Monsieur le Président,

Permettez-moi d’abord de vous présenter les sincères félicitations du Gouvernement luxembourgeois pour votre élection comme président de cette conférence, et notre appréciation pour votre travail effectué dans ce cadre.

Monsieur le Président,
Monsieur le Directeur général,
Chers collègues,
Mesdames, Messieurs,

Oui, la CIT de cette année est d’une importance particulière. Il y va en effet du rôle que nous entendons assigner à notre Organisation dans le contexte du système onusien, mais, bien au-delà, dans le contexte de la communauté internationale globalisée. Il y va dès lors, certes d’abord du "self-understanding" de notre Organisation, mais, plus concrètement, des moyens que nous entendons donner à l’OIT pour tenir la place éminente qu’il convient de lui assigner.

Nos décisions de cette année configureront l’action de notre Organisation pour les décennies à venir.

Le Gouvernement luxembourgeois appuie l’action de notre Directeur général Juan Somavia, que nous félicitons pour ses visions et efforts afin de les faire entrer dans les textes, et, surtout, dans le fonctionnement quotidien de l’Organisation. C’est pourquoi je suis content d‘annoncer que le Gouvernement luxembourgeois appuiera la candidature de Monsieur Somavia pour un troisième mandat.

Je me réjouis d’ailleurs des résultats de la visite officielle de Monsieur Somavia à Luxembourg en octobre 2007. A cette occasion le Gouvernement, le Parlement et les partenaires sociaux ont pu débattre de l’Agenda pour le travail décent, et ont pu dégager un large consensus. Le Luxembourg signera un accord cadre de coopération avec l’OIT qui concernera tant la collaboration financière et technique que la coopération au niveau politique. Le Luxembourg s’est aussi engagé pour une contribution budgétaire volontaire aux activités du BIT.

Par le biais de l’Agenda pour un travail décent, nous pouvons appréhender de manière horizontale et intégrée les problèmes découlant de la mondialisation.

L’acceptation croissante de la nécessité du travail décent par tous les acteurs de la globalisation, Etats et organisations internationales, même celles à vocation prioritairement économiques et financières, l’intégration de plus en plus concrète, même si nécessairement encore lacunaire de ce concept dans les politiques horizontales, me remplit d’espoir. Il faut, par le biais du renforcement de l’OIT, définitivement cimenter cette évolution. La Déclaration sur le renforcement des capacités de l’OIT sera l’instrument de cette action.

C’est d’autant plus vrai que le travail décent concerne un nombre impressionnant d’autres domaines. Les quatre objectifs stratégiques qui nous tiennent à cœur au sein de cette Organisation (emploi, protection sociale, dialogue social et intégration des droits fondamentaux en tant que droits de l’homme) sont intimement liés entre eux. Mais bien au-delà, le travail décent a les potentialités pour devenir un levier indispensable pour le progrès social, environnemental, voire économique.

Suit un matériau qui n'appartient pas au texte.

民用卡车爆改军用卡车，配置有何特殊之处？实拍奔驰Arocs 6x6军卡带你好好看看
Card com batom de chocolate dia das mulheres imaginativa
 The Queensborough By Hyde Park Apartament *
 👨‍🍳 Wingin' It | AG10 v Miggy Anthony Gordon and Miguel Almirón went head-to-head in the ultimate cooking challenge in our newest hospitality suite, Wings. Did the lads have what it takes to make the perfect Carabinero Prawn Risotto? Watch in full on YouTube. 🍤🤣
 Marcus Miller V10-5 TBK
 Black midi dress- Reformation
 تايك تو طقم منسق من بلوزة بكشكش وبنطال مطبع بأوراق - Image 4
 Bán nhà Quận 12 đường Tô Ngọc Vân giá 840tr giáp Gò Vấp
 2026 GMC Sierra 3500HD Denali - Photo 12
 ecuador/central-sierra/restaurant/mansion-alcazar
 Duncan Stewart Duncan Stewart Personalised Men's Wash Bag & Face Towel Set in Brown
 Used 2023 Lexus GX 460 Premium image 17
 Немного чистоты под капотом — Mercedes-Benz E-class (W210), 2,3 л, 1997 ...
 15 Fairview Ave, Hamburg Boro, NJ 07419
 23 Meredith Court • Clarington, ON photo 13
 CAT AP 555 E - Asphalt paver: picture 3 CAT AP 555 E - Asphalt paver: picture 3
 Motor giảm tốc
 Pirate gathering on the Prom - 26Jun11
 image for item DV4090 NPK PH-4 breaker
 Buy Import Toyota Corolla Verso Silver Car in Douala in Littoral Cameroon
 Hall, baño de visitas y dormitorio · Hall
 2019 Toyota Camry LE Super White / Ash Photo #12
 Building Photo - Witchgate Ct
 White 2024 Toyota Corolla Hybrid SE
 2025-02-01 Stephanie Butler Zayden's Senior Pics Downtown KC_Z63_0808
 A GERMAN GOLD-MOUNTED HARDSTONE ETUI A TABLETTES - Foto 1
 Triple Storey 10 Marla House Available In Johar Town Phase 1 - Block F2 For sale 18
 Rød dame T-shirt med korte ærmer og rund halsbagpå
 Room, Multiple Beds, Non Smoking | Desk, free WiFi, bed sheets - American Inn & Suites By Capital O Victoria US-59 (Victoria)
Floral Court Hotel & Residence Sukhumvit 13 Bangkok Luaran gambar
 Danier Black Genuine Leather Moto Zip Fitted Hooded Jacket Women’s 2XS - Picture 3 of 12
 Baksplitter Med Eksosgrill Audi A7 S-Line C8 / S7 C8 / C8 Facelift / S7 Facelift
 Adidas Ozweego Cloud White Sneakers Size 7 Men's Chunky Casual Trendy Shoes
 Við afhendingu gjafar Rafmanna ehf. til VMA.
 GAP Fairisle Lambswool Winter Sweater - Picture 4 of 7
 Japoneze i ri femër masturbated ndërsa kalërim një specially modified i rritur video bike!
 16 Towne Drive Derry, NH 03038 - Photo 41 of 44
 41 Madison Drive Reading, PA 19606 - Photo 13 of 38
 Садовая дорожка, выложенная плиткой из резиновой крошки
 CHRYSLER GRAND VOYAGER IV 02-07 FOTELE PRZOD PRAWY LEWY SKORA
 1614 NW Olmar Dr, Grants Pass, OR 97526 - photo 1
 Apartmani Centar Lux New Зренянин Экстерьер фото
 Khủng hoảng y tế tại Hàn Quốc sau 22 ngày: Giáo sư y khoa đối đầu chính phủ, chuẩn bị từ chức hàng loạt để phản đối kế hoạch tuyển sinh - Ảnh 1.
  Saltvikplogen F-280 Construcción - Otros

Cette interrelation apparaît nettement à l’exemple du Myanmar. C’est notre Organisation qui a, la première, décelé des problèmes structurels dans ce pays, en partant de la surveillance de l’application des normes internationales du travail, notamment quant au travail forcé. Ce processus a permis de se faire une image globale plus correcte de l’état des droits de l’homme. Aussi, le Gouvernement luxembourgeois voudra-t-il souligner la solidarité du peuple luxembourgeois avec le peuple du Myanmar terriblement mis à l’épreuve par la catastrophe naturelle qui vient de s’abattre sur lui. Nous appelons aux autorités du Myanmar d’ouvrir complètement l’accès du pays aux organisations internationales et aux ONG afin de leur permettre toute l’aide nécessaire à la population si durement mise à l’épreuve. Nous soutenons les efforts de l’OIT dans le cadre de la coopération avec les autorités birmanaises pour éradiquer le travail forcé.

Pour en revenir à l’Agenda pour un travail décent, nous devons profiter du momentum pour consolider la démarche de politique volontariste combinant croissance, protection sociale et équité. Le marché est une nécessité. Il n’est pas une réponse. Le marché ne produit pas de solidarité. Celle-ci découle de l’action conjointe et volontaire de la politique et du marché.

Cette démarche, mise en exergue par le Processus de Lisbonne au sein de l’Union européenne, qui peut servir de modèle et de référence, peut se décliner de manière individualisée, tenant compte des spécificités, de l’histoire, de la culture et de l’état de développement économique de chaque Etat membre.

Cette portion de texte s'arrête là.